Crowd-sourcing Ideas for IWMW 2009
Posted by Brian Kelly on 25 February 2009
In a trip report on the Institutional Web Managers Workshop 2008 Andy Stewart was full of praise for the event: “it was absolutely fantastic“. Andy went on to say that although “The plenaries, parallel sessions, discussion groups and social events are all extremely useful in their own right” for him “it’s the inspiration and sense of belonging that one feels during and after the conference I think makes the difference“.
We’re currently inviting proposals for this year’s event, IWMW 2009, which will be held at the University of Essex on 28-30th July 2009. Last year we providing an innovation competition and encouraged developers to make use of the data provided by the university of Aberdeen, Bath and Edge Hill University. This encouragement for openness within the community was welcomed by Andy:
“One theme which stuck out above all, to me, was that of transparency through initiatives to open up our information allowing others to do what they feel with it“.
We are looking to build on this culture of openness.
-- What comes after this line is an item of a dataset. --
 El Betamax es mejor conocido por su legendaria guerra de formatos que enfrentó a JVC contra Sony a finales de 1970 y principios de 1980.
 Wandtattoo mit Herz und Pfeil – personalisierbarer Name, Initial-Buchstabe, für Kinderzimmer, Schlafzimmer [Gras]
So this year rather than simply inviting submissions for talks and workshop sessions to be sent to the chair of the event (my colleague Marieke Guy) we are using the Ideascale service in order to crowd-source suggestions for content at the workshop.
We’re doing this to allow potential participants and other interested parties to provide suggestions on topics they’ve like to see covered at the address (as well as provide other more general suggests for the event – such as what type of social event we should provide). Doing this in this open fashion, as illustrated below, enables participants to become more active participants in the processes of putting together the programme for the event.
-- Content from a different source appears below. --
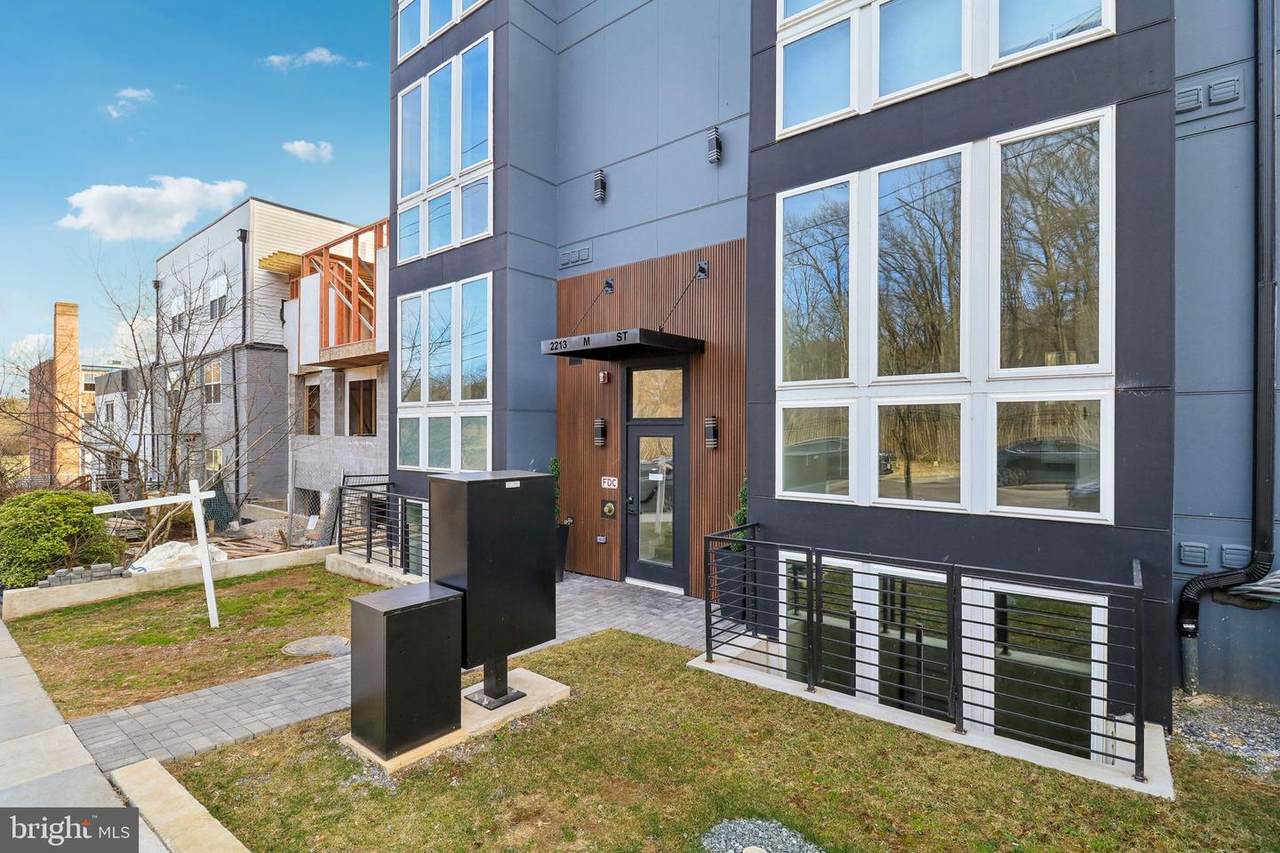 2213 M Street - Photo 1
Now we have to be honest and admit that we can’t guarantee that the most popular options will necessarily be provided or that seemingly unpopular topics won’t be covered. But at least everybody will have had the opportunity to participate in this process. And this is also a learning process for ourselves – in retrospect we realise that the suggested titles should have been neutral in tone, rather than the provocative title which could be suited for a session itself (we don’t know if people are voting on the sentiment expressed in the title or on whether the topic should be addressed at the workshop).
And I’m not sure what the usage statistics are meant to be saying. It doesn’t seem likely that 16 users have cast 1018 votes!
But if you have views on topics which members of institutional Web management teams should be discussing feel free to provude your suggestion. Now this won’t be regarded as a submission to the event, but if you would like to give a talk or run a session at this year’s event details of how to submit proposals are available on the IWMW 2009 Web site.